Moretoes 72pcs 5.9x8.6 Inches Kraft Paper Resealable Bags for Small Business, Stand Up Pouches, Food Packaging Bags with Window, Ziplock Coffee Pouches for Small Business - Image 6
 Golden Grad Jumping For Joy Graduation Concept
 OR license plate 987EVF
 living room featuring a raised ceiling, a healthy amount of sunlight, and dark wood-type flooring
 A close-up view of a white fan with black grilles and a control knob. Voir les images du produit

Exercise requirements =
Where the line containing "OR license plate 987EVF" appears, start copying, and go on exactly through the last line of the data.

Task solution =
 OR license plate 987EVF
 living room featuring a raised ceiling, a healthy amount of sunlight, and dark wood-type flooring
 A close-up view of a white fan with black grilles and a control knob. Voir les images du produit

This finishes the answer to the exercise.